Personal or financial information is one of the most sought after goods for cyber criminals. Leaking such information can make a company’s customers vulnerable to identity theft and fraud. Further, it will also damage the company’s reputation and trust of their customers. Find out how Amazon Macie can help within this context.
A DevOps Engineer or Manager, may not know which data contains personally identifiable information (PII) and might not be aware of public accessible data. In AWS, the fully managed service Amazon Macie helps to identify and protect data containing personal or other sensitive information. Macie uses a large list of sensitive data types, including names, addresses, credit card numbers. Macie automatically and continually generates an inventory of S3 buckets and categorizes the buckets into unencrypted buckets, publicly accessible buckets, or buckets shared with AWS accounts outside those you have defined in the AWS Organizations.
Ideally, Macie sets up in organizations mode, where a central account acts as a Macie administrator account. All member accounts within your organization show up in the Macie administrator account list. This enables an easy add to Macie with a click.

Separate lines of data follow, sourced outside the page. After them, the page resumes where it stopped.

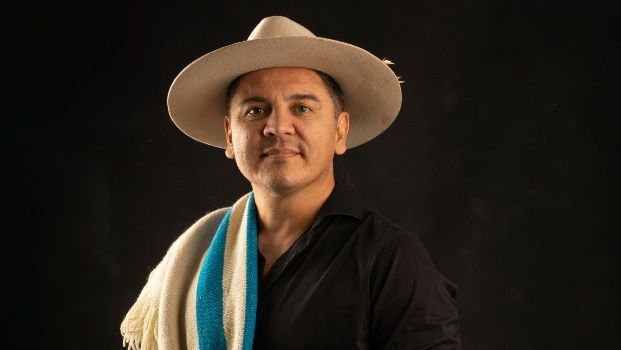 Un hombre que lleva un sombrero y una bufanda está de pie delante de un fondo negro.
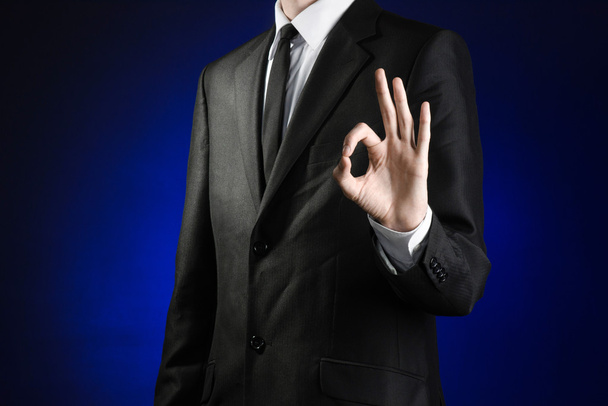 Businessman and gesture topic: a man in a black suit and white shirt showing okay hand sign on a dark blue background in studio isolated - Foto, Imagem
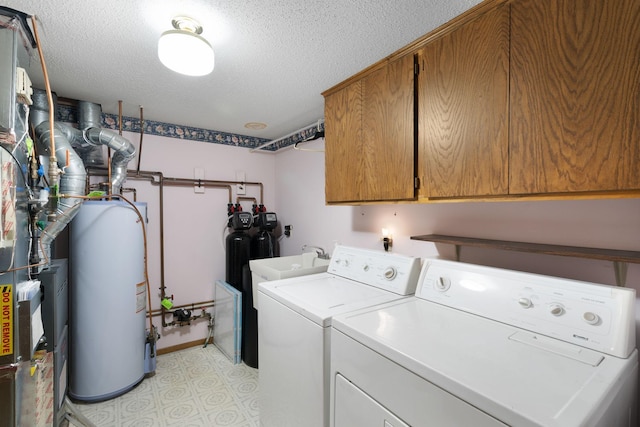 washroom featuring independent washer and dryer, cabinet space, gas water heater, a textured ceiling, and light floors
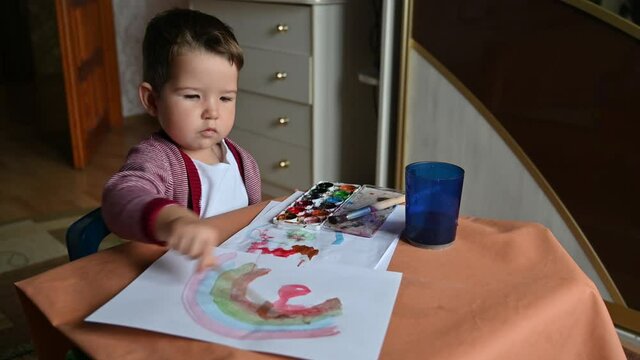 A 2 years old child draws a rainbow with paints. Creative activities at home concept. Children's desk, drawing supplies.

Macie is a regional service. Hence, requires deployment and enablement in every region where you want to analyze S3 buckets.

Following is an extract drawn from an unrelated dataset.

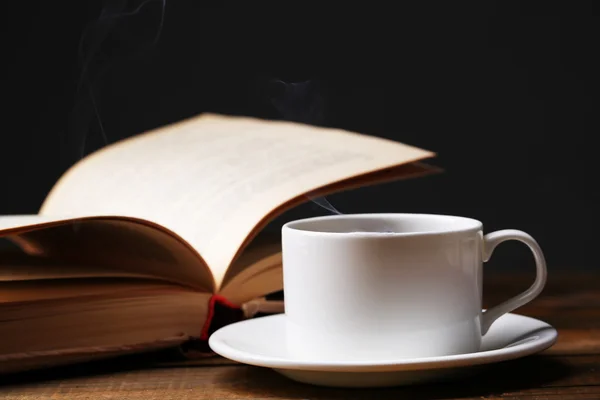 Kop warme koffie met boek op tafel op donkere achtergrond — Stockfoto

When Macie activates, it automatically creates an inventory of all S3 buckets. Buckets categorization occurs for access, encryption, and sharing. These categories are policy findings aiming to inform about S3 policy issues. Scanning of data will not happen automatically.
While the inventory generates automatically, you need to create specific jobs for the actual analysis of data contained in your S3 buckets. These jobs have various attributes you have to configure:
- Buckets: You can choose specific buckets to analyze, or you can use filter criteria like “all public accessible buckets”
- Schedule: run once, daily, weekly or monthly
- Analyze data already seen and new data, or just analyze new data
- optional: restrict to specific file extensions
- Managed Data Identifiers: do you want to use all of them, some of them, or none of them (these are the predefined rules to detect PII like credit card numbers or credentials)
- optional: Custom Data Identifier – your own rules to identify PII, which primarily use a regex for detection
To avoid false positives and speed up the analysis, you can restrict the Managed Data Identifiers to those that you actually care for.
When you have a job configured, you will get a cost estimation before you finally submit it.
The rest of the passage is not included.